WHAT THE TASK ASKS:
Your answer should consist solely of the lines from the one holding "VICT. WALNUT TABLE (AF) Image 1++" through the final line of the entries, reproduced exactly and without pictures.

[Items listed in a dataset]
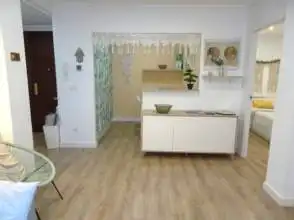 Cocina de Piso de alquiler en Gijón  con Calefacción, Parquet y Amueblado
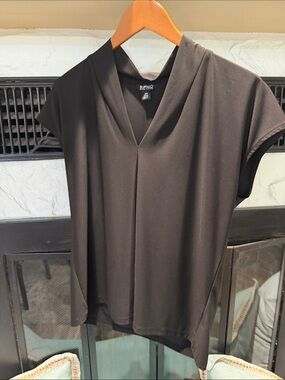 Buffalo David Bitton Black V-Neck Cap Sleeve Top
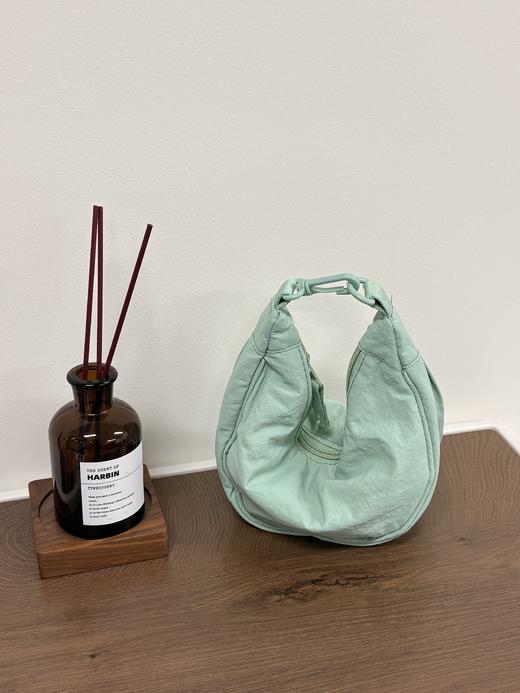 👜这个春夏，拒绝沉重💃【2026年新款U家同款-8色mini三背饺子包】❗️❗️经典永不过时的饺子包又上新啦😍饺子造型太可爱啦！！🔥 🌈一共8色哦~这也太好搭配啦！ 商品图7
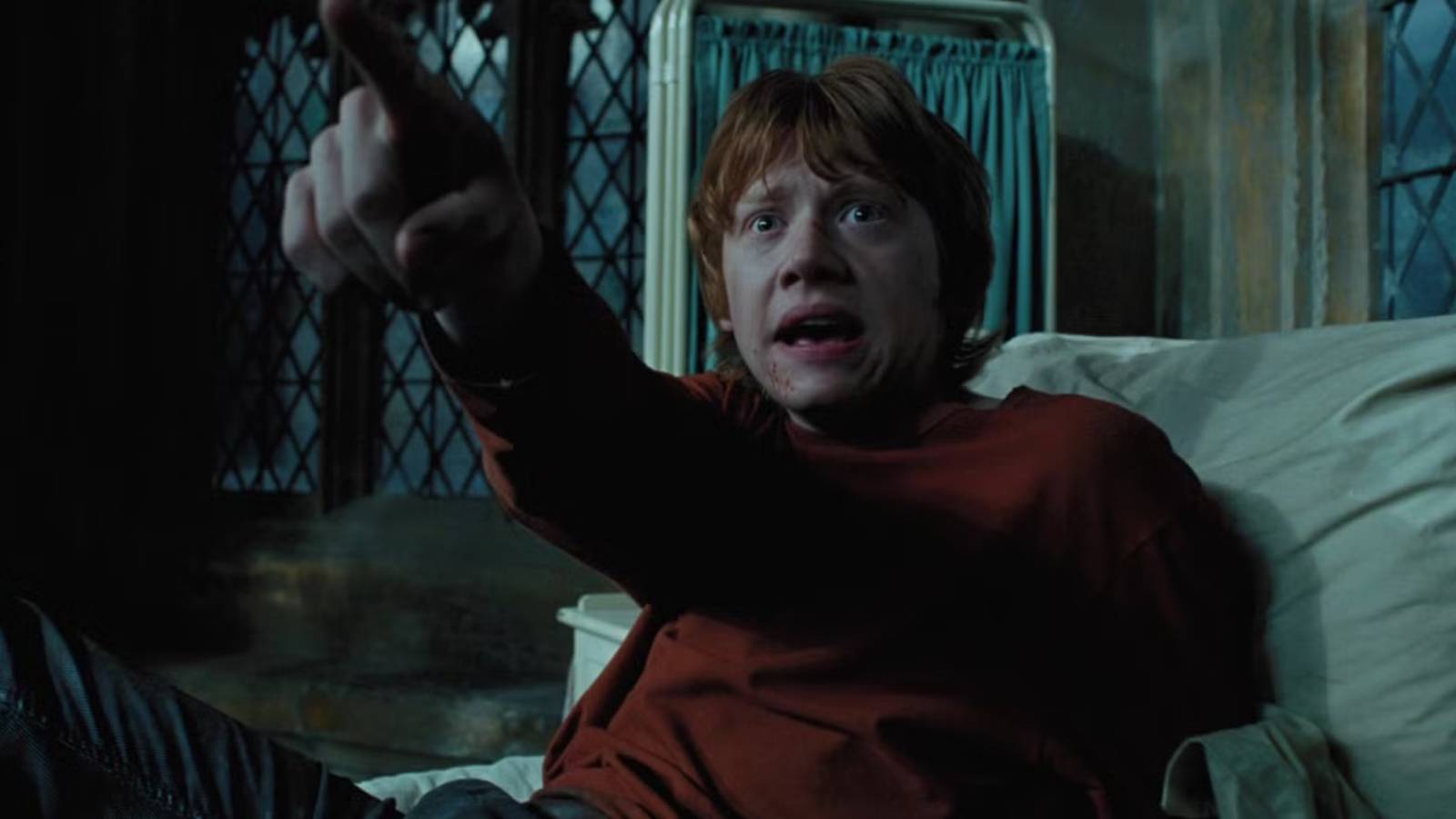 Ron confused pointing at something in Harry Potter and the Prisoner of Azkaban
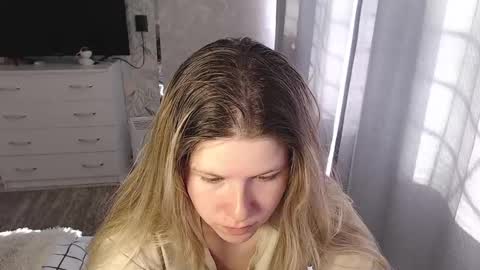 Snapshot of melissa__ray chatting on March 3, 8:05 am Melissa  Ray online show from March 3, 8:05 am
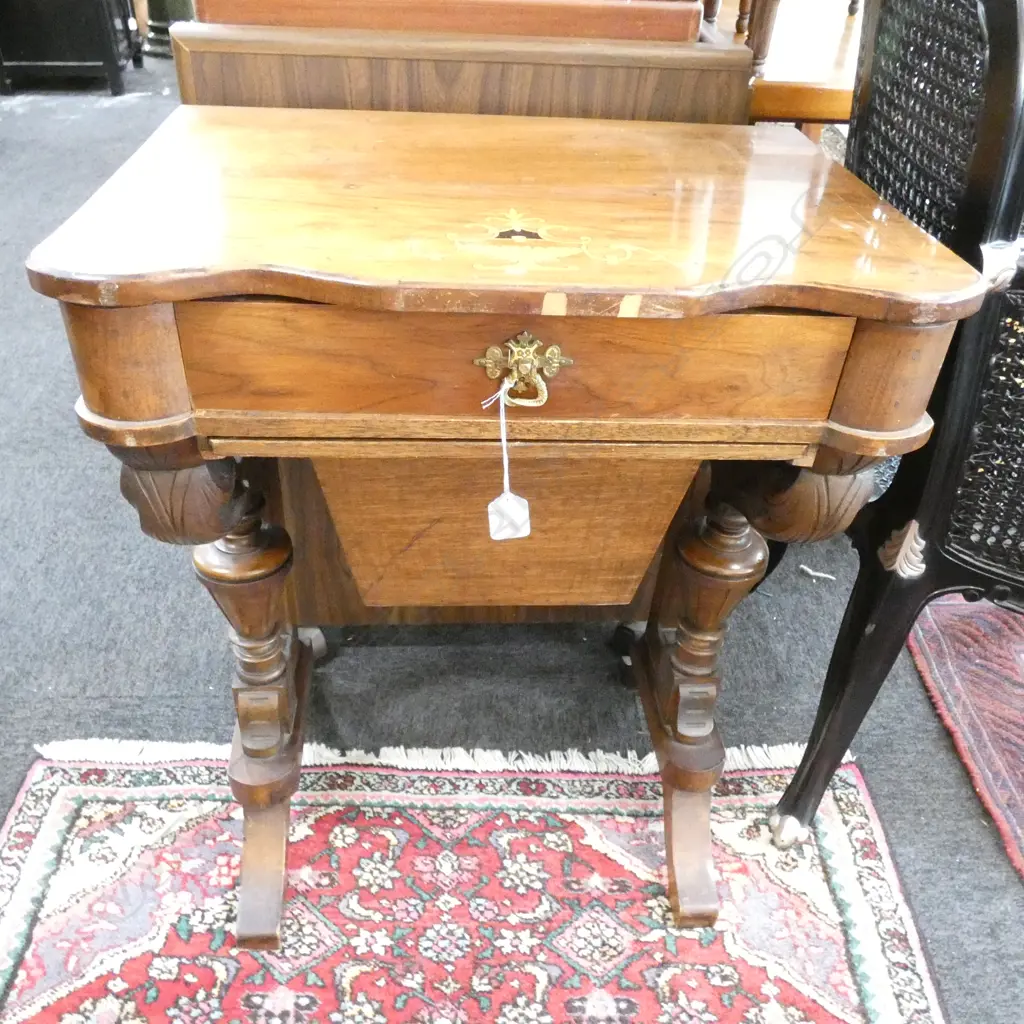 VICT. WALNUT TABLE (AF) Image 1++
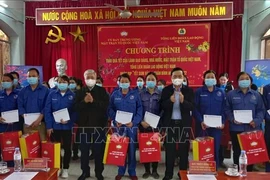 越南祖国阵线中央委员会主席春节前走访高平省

WRITTEN ANSWER:
 VICT. WALNUT TABLE (AF) Image 1++
 越南祖国阵线中央委员会主席春节前走访高平省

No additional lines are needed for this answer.